[WHAT THIS TASK INVOLVES]: Please transcribe the lines below exactly, and leave every image behind.

[DATA EXCERPT]:
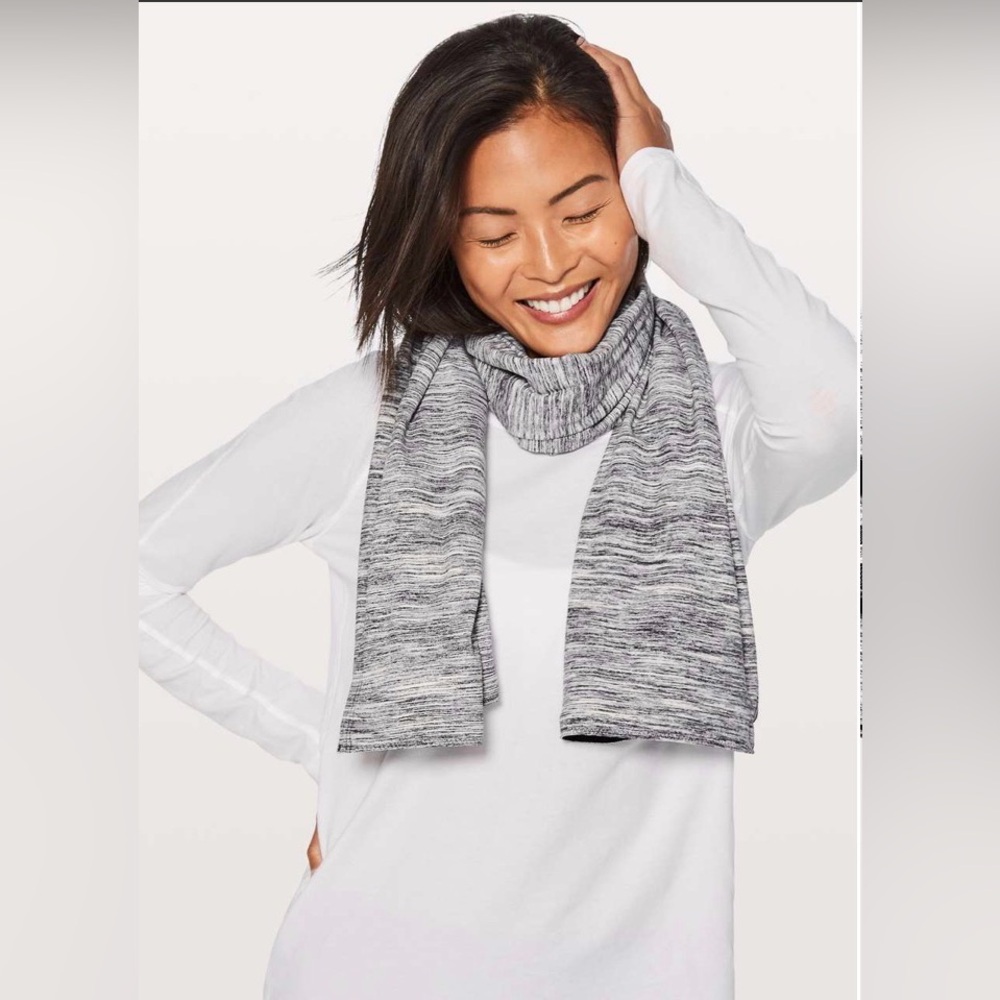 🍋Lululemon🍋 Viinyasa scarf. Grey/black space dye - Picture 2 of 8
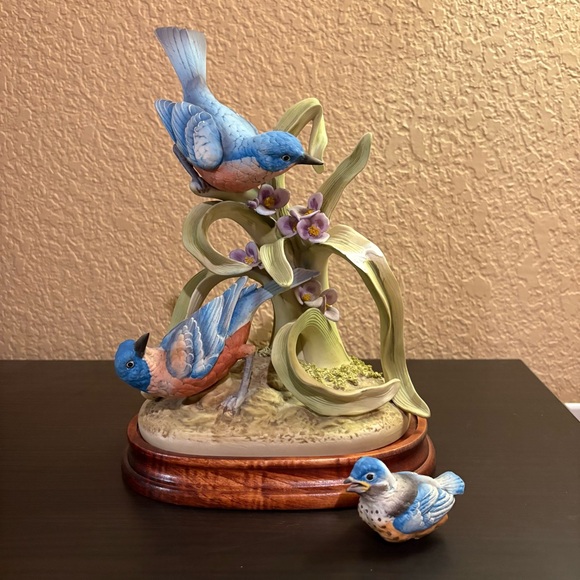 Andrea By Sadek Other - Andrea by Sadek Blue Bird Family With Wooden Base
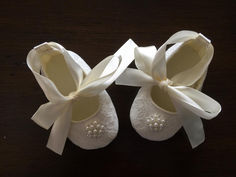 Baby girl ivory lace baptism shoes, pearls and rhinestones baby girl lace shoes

[PROBLEM SOLUTION]:
 🍋Lululemon🍋 Viinyasa scarf. Grey/black space dye - Picture 2 of 8
 Andrea By Sadek Other - Andrea by Sadek Blue Bird Family With Wooden Base
 Baby girl ivory lace baptism shoes, pearls and rhinestones baby girl lace shoes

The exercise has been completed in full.